Explanatory Data Analysis and ML model building using Apache Spark and PySpark
LENDING CLUB DATA ANALYSIS AND DEFAULT LOAN/RATING PREDICTION
OVERVIEW
- Introduction This is a Course project for CISC-5950 Big Data Programming, Fordham University. Under the scope of the course work, we are required to solve an analysis/learning problem using the techniques taught in the course. We will use “Lending Club historical dataset” for this project. This is an open source dataset which contains complete loan data for all the loan issued through 2007-2015. The data is available to download on the following site- https://www.kaggle.com/wendykan/lending-club-loan-data
- Description of data Lending Club is an online peer to peer credit marketplace which matches borrowers and investors. For evaluating the credit-worthiness of their borrowers, Lending Club relies on many factors related to borrowers such as credit history, employment, income, ratings etc. Lending club then assign’s rating/sub-rating to their borrowers based on their credit-history. This rating information is then made available to investors who fund the loan requests, investors usage this information to analyze loan request and adjudicate the approved funded amount. In addition to the grade information, Lending Club provides historical loan performance data to investors for more comprehensive analysis. In summary, our dataset contains total of 887,379 records with 75 features in a comma separated file. Each record in the file represent a loan request. This dataset has different types of features such as categorical, continuous. numerical etc.
- Sample data This dataset contain complete loan data for all loans issued through the 2007-2015, including the current loan status (Current, Late, Fully Paid, etc.) and latest payment information. The file containing loan data through the "present" contains complete loan data for all loans issued through the previous completed calendar quarter. Additional features include credit scores, number of finance inquiries, address including zip codes, and state, and collections among others. Below is the screenshot of the sample data which includes only few features and first 50 rows, Please check the attached file in blackboard to see all the features in the dataset. The Sample data file is attached along with the project proposal file in blackboard.

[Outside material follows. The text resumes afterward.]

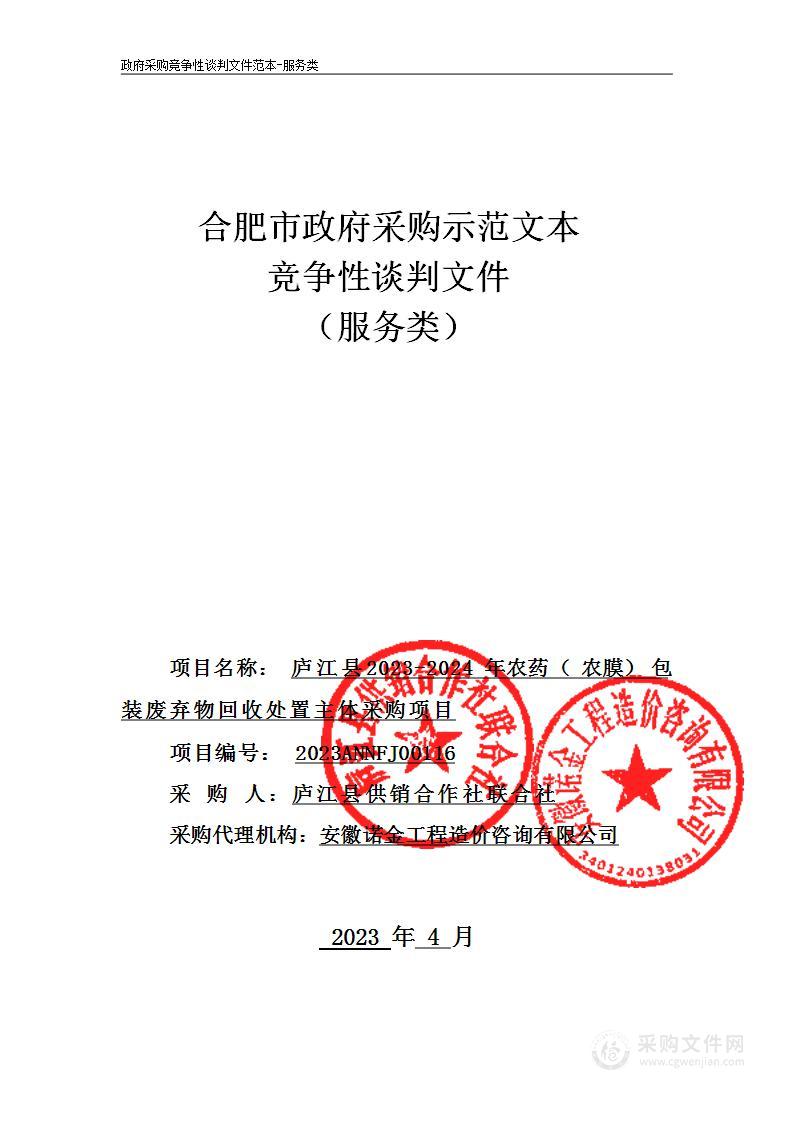 庐江县2023-2024年农药（农膜）包装废弃物回收处置主体采购项目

- Project Scope Our project scope is to run the exploratory data analysis using apache spark framework to find the business insights from our loan data, and to build a learning model using data mining techniques / machine leaning algorithms that will use the historic loan data to learn and helps to identify loans/borrowers which are likely to default. As per the recent studies, 3-4% of the total loans defaults every year. This is the huge risk for the investors who is funding the loans. Investors require more comprehensive assessment of these borrowers than what is presented by Lending Club in order to make a smart business decision. Data mining techniques and Machine Learning model/analysis could help predicting the loan default likelihood which may allow investors to avoid loan defaults thus limiting the risk of their investments. 4.1 Data Cleaning and Exploratory Analysis The data used for this project is the structured data with few missing/null values. We will use the data cleaning/imputation techniques for the missing values imputation. We may also need to remove some features which have missing values for more than 50% of the data. In addition, we may have to add the “CLASS” in the data manually, since this data doesn’t contains a single column which represents the class. After cleaning the data, we will use apache spark RDD/dataframe/sql to run exploratory data analysis to find the business insights from the data. We will extensively use spark’s transformations, actions, aggregation API’s and SQL queries for the data analysis. 4.2 Feature selection Our dataset contains 75 features for every loan record, using all the features in the model might lead to the “Curse Of Dimensionality”. Therefore, we will use feature selection techniques to discover the features that are most indicative in default loan prediction. We will use spark’s machine leaning library for the built-in feature selection algorithms. 4.3 Prediction Model In order to make a smart business decision, investors require a more comprehensive assessment of the loan data provided by Lending Club. As part of this project, we will build a learning model using data mining techniques and Machine Learning algorithms, which helps predicting new borrowers that would likely to default their loans. We will use this dataset as our training set for the model. We will be using apache spark’s machine learning library (MLlib) to build our model.